Essential Math for Data Science Bootcamp—with Interactivity
Published by O'Reilly Media, Inc.
Achieve practical math proficiency using Python
In today’s data-driven world, the ability to analyze and extract insights from data is more valuable than ever. However, the mathematical foundations needed for data science can often feel overwhelming. With countless topics in mathematics, it’s difficult to know which ones are truly relevant and applicable to real-world problems.
This two-day bootcamp, led by data science expert Thomas Nield, is designed to give you a practical, hands-on understanding of essential math concepts—so you can apply them immediately. You’ll explore key topics including probability, statistics, hypothesis testing, linear algebra, and calculus, all through an intuitive and visual approach that emphasizes clarity over complex notation.
You’ll start by building a strong foundation in probability and statistics—exploring concepts like conditional probability, Bayes' theorem, distributions, variance, hypothesis testing, z-tests, and t-tests. From there, you’ll dive into linear algebra, where you’ll develop a deeper intuition for vectors, matrices, and transformations while leveraging Python and NumPy. Finally, you’ll unlock the power of calculus for machine learning, simplifying core concepts like derivatives and integrals and applying them directly with hands-on Python exercises.
By the end of this bootcamp, you’ll have the mathematical confidence needed to bridge the gap between theory and application, using data science, statistics, and machine learning with a solid foundation. Whether you’re starting out or looking to refine your skills, this course will equip you with the key math concepts that truly matter.
Skills challenges
At the end of each week, Thomas Nield will provide you with a skills challenge—an interactive scenario-based evaluation to help you determine whether you’ve mastered the skills taught in the live training and whether you’re ready to apply these skills in a real-world setting.
To reinforce your learning, we strongly recommend pursuing each skills challenge before the next week of the course. If you’re unable to successfully complete the challenge, try reviewing the video recording of the live training (emailed to you 24 hours after each session) for tips.

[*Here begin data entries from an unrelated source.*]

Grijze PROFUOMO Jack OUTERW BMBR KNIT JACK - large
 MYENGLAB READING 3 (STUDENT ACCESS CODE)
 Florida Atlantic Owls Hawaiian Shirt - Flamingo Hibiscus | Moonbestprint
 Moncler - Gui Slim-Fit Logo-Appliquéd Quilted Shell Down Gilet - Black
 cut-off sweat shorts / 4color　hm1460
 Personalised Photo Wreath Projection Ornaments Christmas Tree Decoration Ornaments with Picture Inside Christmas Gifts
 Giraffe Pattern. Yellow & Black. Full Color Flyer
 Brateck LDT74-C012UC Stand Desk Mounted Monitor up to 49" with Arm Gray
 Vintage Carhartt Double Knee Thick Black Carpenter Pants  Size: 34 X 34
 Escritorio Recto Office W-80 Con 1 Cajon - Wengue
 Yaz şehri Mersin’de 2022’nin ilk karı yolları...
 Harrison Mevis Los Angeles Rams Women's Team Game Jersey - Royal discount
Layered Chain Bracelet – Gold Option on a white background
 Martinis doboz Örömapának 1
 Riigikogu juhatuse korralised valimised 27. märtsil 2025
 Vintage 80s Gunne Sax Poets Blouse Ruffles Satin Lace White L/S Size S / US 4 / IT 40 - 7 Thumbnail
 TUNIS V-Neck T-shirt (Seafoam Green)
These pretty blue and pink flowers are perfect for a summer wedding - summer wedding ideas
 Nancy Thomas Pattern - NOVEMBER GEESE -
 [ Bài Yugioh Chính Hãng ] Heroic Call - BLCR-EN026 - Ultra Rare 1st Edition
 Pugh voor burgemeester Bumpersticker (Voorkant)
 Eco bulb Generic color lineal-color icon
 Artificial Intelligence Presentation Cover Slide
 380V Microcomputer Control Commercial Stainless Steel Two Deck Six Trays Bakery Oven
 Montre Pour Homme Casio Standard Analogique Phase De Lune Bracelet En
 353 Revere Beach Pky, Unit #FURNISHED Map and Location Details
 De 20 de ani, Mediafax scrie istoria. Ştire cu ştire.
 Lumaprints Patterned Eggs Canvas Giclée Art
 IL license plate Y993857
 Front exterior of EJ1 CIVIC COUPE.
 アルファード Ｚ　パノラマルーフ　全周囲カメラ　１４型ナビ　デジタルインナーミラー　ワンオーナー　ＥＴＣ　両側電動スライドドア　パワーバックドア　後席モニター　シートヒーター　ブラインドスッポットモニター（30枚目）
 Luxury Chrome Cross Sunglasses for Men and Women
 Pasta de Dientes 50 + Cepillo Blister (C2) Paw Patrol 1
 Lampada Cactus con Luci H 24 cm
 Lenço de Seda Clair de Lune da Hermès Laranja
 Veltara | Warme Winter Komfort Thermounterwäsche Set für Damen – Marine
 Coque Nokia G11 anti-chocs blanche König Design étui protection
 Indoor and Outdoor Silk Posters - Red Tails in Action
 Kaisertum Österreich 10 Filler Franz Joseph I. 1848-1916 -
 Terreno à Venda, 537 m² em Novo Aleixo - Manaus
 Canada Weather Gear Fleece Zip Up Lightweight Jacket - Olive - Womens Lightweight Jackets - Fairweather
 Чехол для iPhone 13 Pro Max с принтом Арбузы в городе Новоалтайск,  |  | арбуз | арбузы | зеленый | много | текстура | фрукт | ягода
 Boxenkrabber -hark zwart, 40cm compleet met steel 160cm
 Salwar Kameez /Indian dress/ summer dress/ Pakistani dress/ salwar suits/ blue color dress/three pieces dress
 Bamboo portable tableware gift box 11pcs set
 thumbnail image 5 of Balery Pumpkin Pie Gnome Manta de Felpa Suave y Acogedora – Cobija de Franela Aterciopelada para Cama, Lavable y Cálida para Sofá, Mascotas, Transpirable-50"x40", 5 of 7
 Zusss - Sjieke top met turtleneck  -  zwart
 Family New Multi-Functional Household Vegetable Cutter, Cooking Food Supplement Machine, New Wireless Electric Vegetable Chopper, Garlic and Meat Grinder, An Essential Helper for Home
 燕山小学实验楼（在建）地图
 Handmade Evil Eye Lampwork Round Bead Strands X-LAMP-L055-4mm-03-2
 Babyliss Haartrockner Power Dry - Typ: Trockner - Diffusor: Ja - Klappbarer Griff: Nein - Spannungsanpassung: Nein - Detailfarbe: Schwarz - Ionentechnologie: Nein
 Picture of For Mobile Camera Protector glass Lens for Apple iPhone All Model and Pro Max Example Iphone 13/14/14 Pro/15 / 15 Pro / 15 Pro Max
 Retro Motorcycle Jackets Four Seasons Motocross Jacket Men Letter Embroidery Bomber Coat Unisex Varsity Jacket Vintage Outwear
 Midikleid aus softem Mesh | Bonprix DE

What you’ll learn and how you can apply it
- How probability works and what it means to measure randomness
- How multiple events can affect the probability of another event
- How to use discrete and normal distributions
- When to add and multiply probabilities of different events
- Understand the relationship between samples and populations
- How to frame experiments and hypothesis testing
- Statistical significance and parameter estimation
- The intuition behind vectors and matrices, both visually and numerically
- Important vector/matrix operators—what they mean, and their transformations
- Linear systems and matrix decomposition
- The nature of functions and how they work, including exponential and logarithmic functions
- The two most fundamental operations in calculus: the derivative and the slope
- What Euler’s number e is and how it’s derived
And you’ll be able to:
- Recognize situations where Bayes' theorem applies
- Leverage Python to create continuous distributions
- Leverage statistical significance to test hypotheses
- Quantify uncertainty in experiment results
- Determine confidence intervals and perform A/B testing
- Appreciate vectors and matrices beyond just a grid of numbers, and visualize operations
- Construct a system of linear equations and solve its variables
- Using Python’s NumPy package to perform linear algebra operations
- Calculate the slope or area for any part of a function, using from-scratch code in Python
- Intuitively derive Euler’s number e and other critical functions you’ll encounter in data science
- Apply calculus reasoning to other areas like probability, statistics, and machine learning
This live event is for you because...
- You’re a budding data science professional who wants to build foundational knowledge in essential math concepts and understand how they apply to probability, statistics, and machine learning.
- You’re a programmer using data science and machine learning libraries and want to understand the math and probability principles behind them.
- You’re managing a data science team and want to have a fundamental understanding of techniques used on the field.
Prerequisites
- A basic understanding of algebra and isolating variables in an equation
- Basic Python proficiency to follow code examples
Recommended preparation
- A computer with a Python 3 environment set up for running code examples, or the O'Reilly interactive Python sandbox in a browser
Recommended follow-up
- Read first 4 chapters of Essential Math for Data Science (book by Thomas Nield)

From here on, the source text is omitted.